Paying attention to who’s in those rooms can help you identify people you want to connect with and eventually seek counsel from, says Madeleine Durante, associate director of donor acquisitions at the ACLU.
“When you are in a room and you see someone who is conducting themselves in a way where you seek to emulate them, just go out on a limb and pursue their mentorship,” Durante urges.
Cast a Wide Net
While close mentors often develop long-lasting one-on-one relationships, there is also value in having those not-as-close but really helpful fundraising mentors in your arsenal, says Max Harper, director of development and planned giving at Butler University Advancement.
“Having a Rolodex of attorneys, financial advisers, financial planners that I can call on and ask questions and just say, ‘Hey, this came up in the conversation. I’m curious to learn a little bit more. Can you tell me about it?’” Harper says. “We don’t need a 75-person personal board of advisers, but we want to have specific people that can help in specific ways.”
Warren Northern, who worked for health care nonprofits in a general capacity before moving to fundraising more than two years ago, has also found it helpful to develop connections with a wide array of fundraisers. He’s made it a point at conferences to connect with people who have knowledge outside his base of expertise.
“I try to make three or four really great connections,” he says. The goal is to have someone who is willing to chat if he needs advice “or if I need to collaborate. I can think, ‘Yeah, we had a really solid and authentic and genuine connection.’”
Ease Into the Relationship
Some newbies, in their zeal to find mentorship, are approaching potential mentors in ineffective ways, says Alice Ferris, a professor in the Nonprofit Leadership program at the University of Denver.
Capehart
Brittany Wade, annual giving manager at the Palm Beach Zoo & Conservation Society, recommends young fundraisers look for mentors outside their organizations.
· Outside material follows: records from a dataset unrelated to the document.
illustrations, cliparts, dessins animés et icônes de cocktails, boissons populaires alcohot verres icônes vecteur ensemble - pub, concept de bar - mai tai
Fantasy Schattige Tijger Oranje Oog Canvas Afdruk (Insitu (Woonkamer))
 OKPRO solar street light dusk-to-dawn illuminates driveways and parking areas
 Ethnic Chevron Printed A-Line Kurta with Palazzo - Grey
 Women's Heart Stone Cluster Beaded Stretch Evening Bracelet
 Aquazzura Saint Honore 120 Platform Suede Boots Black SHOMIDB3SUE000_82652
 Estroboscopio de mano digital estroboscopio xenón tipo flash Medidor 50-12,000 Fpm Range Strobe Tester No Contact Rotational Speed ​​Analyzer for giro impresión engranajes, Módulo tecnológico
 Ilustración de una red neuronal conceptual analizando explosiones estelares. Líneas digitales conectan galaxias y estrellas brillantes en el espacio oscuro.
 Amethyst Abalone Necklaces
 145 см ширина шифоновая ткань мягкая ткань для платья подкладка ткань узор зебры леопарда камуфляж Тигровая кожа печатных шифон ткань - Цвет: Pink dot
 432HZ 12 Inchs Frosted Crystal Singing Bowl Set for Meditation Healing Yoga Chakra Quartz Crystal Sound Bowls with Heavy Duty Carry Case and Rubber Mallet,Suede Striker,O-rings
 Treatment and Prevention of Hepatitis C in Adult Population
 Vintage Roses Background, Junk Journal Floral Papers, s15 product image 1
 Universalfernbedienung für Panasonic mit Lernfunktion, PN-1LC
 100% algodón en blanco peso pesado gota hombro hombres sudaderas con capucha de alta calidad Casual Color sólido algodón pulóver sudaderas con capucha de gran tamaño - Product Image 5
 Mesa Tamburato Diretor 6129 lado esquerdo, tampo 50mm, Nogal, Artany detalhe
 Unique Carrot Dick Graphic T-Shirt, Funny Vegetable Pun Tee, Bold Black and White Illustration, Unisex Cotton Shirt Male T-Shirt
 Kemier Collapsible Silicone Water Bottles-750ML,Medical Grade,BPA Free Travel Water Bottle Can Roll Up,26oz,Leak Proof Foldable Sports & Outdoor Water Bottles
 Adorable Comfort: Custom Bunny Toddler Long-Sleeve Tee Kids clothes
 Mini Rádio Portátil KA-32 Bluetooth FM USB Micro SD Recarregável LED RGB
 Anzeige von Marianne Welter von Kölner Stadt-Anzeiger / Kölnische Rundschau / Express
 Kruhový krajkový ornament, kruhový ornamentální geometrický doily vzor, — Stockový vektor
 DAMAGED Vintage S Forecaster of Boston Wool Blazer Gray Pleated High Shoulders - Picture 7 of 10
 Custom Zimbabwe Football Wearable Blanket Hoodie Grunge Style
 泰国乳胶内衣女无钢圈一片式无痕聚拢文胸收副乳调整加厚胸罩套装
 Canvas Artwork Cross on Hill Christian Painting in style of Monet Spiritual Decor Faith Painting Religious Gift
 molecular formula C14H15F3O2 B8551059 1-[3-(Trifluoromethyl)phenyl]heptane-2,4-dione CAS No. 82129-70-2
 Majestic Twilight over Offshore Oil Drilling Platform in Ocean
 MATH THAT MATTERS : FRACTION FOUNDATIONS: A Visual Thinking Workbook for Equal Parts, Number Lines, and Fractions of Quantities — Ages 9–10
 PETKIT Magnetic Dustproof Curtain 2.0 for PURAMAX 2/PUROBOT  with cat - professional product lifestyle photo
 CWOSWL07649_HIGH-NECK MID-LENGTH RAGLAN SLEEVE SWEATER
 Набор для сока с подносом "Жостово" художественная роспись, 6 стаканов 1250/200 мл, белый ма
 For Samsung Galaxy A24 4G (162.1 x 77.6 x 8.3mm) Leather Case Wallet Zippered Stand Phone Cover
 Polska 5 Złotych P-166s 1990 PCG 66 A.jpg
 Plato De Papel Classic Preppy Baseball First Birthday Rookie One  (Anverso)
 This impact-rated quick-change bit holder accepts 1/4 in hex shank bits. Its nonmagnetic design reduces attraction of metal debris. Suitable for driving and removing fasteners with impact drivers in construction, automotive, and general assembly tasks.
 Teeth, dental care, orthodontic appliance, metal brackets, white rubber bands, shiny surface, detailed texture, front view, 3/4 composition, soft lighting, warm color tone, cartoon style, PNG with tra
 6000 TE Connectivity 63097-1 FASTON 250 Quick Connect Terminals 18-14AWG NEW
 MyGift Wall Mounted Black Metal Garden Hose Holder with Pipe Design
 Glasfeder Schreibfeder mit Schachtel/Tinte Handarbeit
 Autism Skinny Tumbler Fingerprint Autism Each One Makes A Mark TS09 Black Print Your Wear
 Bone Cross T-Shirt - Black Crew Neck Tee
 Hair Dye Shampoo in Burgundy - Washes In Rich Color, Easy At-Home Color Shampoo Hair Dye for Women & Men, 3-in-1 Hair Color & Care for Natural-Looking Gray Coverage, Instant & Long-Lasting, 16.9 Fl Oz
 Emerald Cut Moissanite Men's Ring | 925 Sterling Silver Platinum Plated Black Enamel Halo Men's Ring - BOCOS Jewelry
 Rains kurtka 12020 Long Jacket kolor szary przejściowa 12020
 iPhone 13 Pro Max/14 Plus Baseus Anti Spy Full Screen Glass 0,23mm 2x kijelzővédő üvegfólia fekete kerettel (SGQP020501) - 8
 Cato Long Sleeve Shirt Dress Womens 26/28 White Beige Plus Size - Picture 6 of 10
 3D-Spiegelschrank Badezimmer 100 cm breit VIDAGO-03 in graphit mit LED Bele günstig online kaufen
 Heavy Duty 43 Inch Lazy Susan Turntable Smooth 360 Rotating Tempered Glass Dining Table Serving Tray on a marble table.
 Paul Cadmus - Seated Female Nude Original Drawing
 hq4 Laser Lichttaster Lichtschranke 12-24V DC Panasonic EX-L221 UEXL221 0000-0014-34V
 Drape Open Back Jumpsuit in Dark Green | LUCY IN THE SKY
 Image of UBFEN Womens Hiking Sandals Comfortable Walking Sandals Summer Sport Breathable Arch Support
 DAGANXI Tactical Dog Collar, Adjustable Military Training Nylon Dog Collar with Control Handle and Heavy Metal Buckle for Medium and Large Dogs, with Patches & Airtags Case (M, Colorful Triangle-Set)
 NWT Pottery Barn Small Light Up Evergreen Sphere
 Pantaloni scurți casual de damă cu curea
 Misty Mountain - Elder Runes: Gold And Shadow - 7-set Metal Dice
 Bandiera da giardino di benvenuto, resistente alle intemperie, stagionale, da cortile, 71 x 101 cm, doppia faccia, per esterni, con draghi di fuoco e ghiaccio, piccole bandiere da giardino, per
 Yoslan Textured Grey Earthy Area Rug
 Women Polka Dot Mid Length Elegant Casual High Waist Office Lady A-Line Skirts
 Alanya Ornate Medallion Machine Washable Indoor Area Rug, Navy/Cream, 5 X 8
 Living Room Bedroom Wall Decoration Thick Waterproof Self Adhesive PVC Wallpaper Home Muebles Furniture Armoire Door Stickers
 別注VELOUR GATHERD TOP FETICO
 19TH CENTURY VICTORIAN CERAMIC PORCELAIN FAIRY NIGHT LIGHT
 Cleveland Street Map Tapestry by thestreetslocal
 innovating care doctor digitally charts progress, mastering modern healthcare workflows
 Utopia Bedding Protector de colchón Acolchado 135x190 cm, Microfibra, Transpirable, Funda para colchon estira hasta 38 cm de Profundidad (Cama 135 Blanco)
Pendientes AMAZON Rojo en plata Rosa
Above, the group’s DO at the Zoo! event, which Wade helped plan.
Some newer fundraisers, she says, are cold calling or cold messaging someone on LinkedIn and saying, “Would you be my mentor?” That tends not to work, she says, because it’s asking for too big of a commitment.
Instead, Ferris recommends starting by asking for a call or short meeting to “see if they’ll have a conversation and give a little bit of guidance and advice.”
A lot of busy fundraisers are willing to go for that small bite, and if it goes well, Ferris says, it could turn into a longer-term mentoring relationship.
Ernesto Vargo II, CEO of Eskenazi Health Foundation, says he’s often willing to engage in short get-to-know-you sessions, both because he enjoys doing it and because that’s how he accumulated some of his early knowledge.
“Most people are flattered if you ask them if you can have a little bit of time to pick their brain and learn from them,” Vargo says. “I can remember years ago when I did that, and many of those people became good friends of mine.”
Whether mentoring is deeply involved or more episodic, it serves as a boon to young fundraisers’ careers and can help keep them in the field.
“The ability to have real relationships with people whose opinions you trust, who you respect, who you feel like you can turn to when things are really hard,” says the ACLU’s Durante, “that is how you stay in the work.”